This has been my first year on the innovation and entrepreneurship beat at the Business Record and it’s been a whirlwind. I’ve met startup founders from all over the state, spoken to professors about their inventions and even spent some time on a bison prairie for a series on rural innovation. I pored through the archives this holiday season and came away with these five favorite innovation stories.
ISU gets ready to build its first 3D-printed home
This news came up just after I had written a story about 3D printing at Iowa State University. I spoke with Pete Evans, assistant professor in the ISU industrial design department at ISU, about his efforts. He said that ISU researchers are planning to build their first demonstration 3D-printed model home, with completion expected in the spring of 2026. I’ll be watching ISU’s efforts in 2026, as well as progress in Muscatine, which has ambitions to also print a structure in 2026.
Rural Innovation: Native Prairie Bison farm thrives through observation and learning
Every once in a while, I stumble upon a story that exposes me to something I’ve never seen before. I first saw Jathan Chicoine speak at the Rural Entrepreneurship Symposium at ISU and realized I had to get out to his property and see his bison herd. The result was a story filled with sights and sounds of nature, as well as Chicoine’s thoughtful comments on prairie restoration in Iowa. “It’s just observation, and that’s how I’m learning,” Chicoine said. “It’s seldom that I’m out here working and not learning something. … You get that immediate feedback from the plants so I just learned from working the land.”

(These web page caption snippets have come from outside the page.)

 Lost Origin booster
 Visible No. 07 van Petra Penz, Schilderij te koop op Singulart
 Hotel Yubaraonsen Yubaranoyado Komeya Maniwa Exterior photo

Two Iowans share their Shark Tank experiences
The first time I met Billie Asmus, the founder and CEO of Repaint Studios, I interviewed her on stage for the annual innovationIOWA event on July 10. Asmus spoke about that often-quoted need for entrepreneurs: grit. She said she had many ups and downs on her entrepreneurial journey from the moment in the early stages of her company she weighed whether to put her child in day care to the time her company encountered a financial crisis. “I remember just getting to the end of all that, like, am I going to keep going and keep doing this? Like, is this seriously going to be worth it at this point? And I already had employees that I was committed to, so it was that mentality of I have no choice but to succeed. Even though this feels like the rock bottom, I have to keep going. And I’m glad I did.” Later this year, she appeared on Shark Tank and landed a deal. Asmus isn’t the only Iowan of Shark Tank fame — No Limbits founder and CEO Erica Cole was on Shark Tank in April 2022. No doubt Cole could talk about grit as well — she was in a car accident in 2018 that resulted in the amputation of one of her legs. She said she started an alterations business for people with disabilities out of a “personal need.”
Center at Sixth incubator seeks to bring small business back to Sixth Avenue corridor
Innovation and entrepreneurship is more than just a snazzy AI startup getting acquired and making big money. It’s also about small businesses, carving their way through local neighborhoods and Main Streets, breathing life in places that once struggled. That’s why I loved reporting the story on Center at Sixth. Marquas Ashworth, co-developer of a building designed to empower other entrepreneurs, said part of the inspiration for the name Center at Sixth was a harkening back to Center Street, which was a thriving hub for the city’s Black community before it was displaced by the construction of Interstate 235. “And most of that [Black and brown] community ended up in the Sixth Avenue corridor,” he said. “Center at Sixth, it’s just a reckoning back to what we lost.” Center at Sixth now provides opportunity for small businesses to grow on Sixth Avenue and spur economic development along the corridor, he said. The building also includes a Makers Market, which features artists and creators from around Central Iowa. I noticed many of the makers and artists were people I had written about before, including Jill Wells and her inclusive art, Basi Affia’s comic books, art from artists from the Momentum arts program and ArtForce Iowa.
When I started in my new role in early 2025, editors and colleagues asked what I was most looking forward to. I answered that I was in search of inspirational stories. I found that in Dream City, the nonprofit that helps families and entrepreneurs in Iowa City. The story of Frederick Newell, executive director of Dream City, is astounding. He had his first child at age 17. He enrolled at the University of Iowa and brought his child with him throughout his four years of college — no child care. He wanted to show others the significance of fathers having a strong and active role in their children’s lives, he said. “I really wanted to be able to show fathers that you could also follow in my footsteps, because it’s doable,” Newell told me during an interview at the newly renovated Iowa City headquarters of Dream City. “It wasn’t easy.” The nonprofit started in a donated home and then grew to locate at 611 Southgate Ave. in Iowa City in February. It acquired the space from the church that owned it and did a “total renovation” of the 12,000-square-foot building, funded in part by a $3 million grant from the city of Iowa City. It had its grand opening on Aug. 24.